Et le petit homme se tut.

— Est-ce possible ? — continuait à se demander à lui-même Nekhludov, en poursuivant son chemin le long du corridor, pendant que des centaines d’yeux l’épiaient sur son passage.

— Mais cela ne devrait pas être permis de garder ainsi en prison des innocents ! — dit-il à son compagnon quand ils furent sortis du corridor.

— Que voulez-vous faire ? Et puis, vous savez ces gens-là mentent beaucoup ! À les entendre, ils sont tous innocents !

— Mais enfin, ceux-là, ils sont vraiment innocents ?

— Oui, admettons-le pour ceux-là. Mais c’est une espèce extrêmement dépravée ; sans sévérité, on n’en ferait rien. C’est que nous en avons, ici, des vauriens terribles, qui ne demanderaient qu’à se jeter sur nous ! Ainsi, hier, on a été obligé d’en punir deux.

— Comment, de les punir ?

— En les fouettant de verges, par ordre supérieur !

— Je croyais que les punitions corporelles étaient défendues !
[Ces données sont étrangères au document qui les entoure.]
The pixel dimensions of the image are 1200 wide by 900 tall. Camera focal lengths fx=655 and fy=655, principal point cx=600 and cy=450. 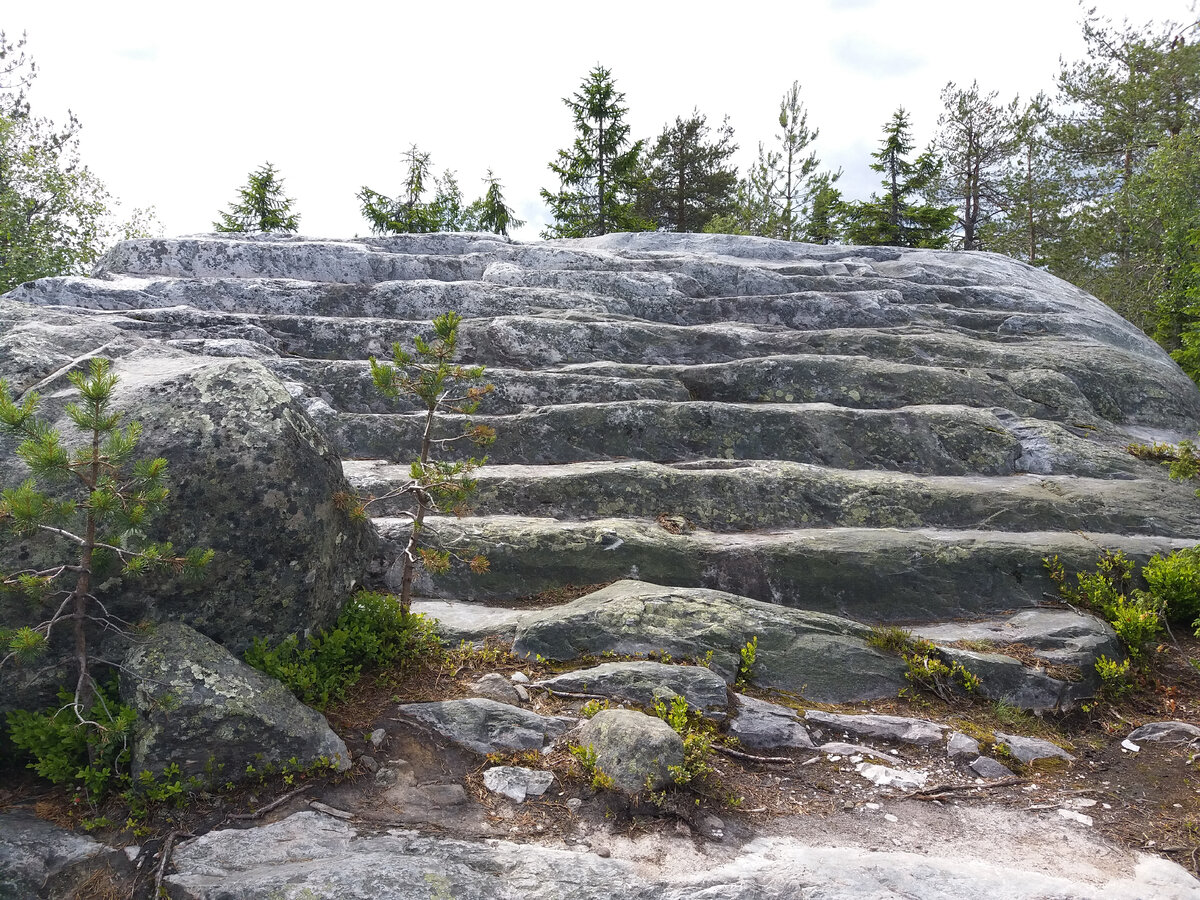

— Pas pour les prisonniers privés de leurs droits ! Pour ceux-là, on n’a pas pu les supprimer.

Nekhludov se rappela alors la scène à laquelle il avait assisté la veille, dans la grande salle. Il comprit que, pendant qu’il attendait l’inspecteur, on avait procédé à la « punition ». Et il éprouva plus vivement encore qu’il n’avait fait jusque-là ce mélange de curiosité, de tristesse, d’étonnement, de honte, et d’une répugnance qui allait presque jusqu’à la nausée.

Sans écouter le sous-directeur et sans regarder autour de lui, il courut vers le bureau. Le directeur s’y trouvait ; mais il avait été si occupé qu’il avait oublié de faire appeler la Bogodouchovska.

Il ne se souvint de sa promesse qu’en voyant entrer Nekhludov.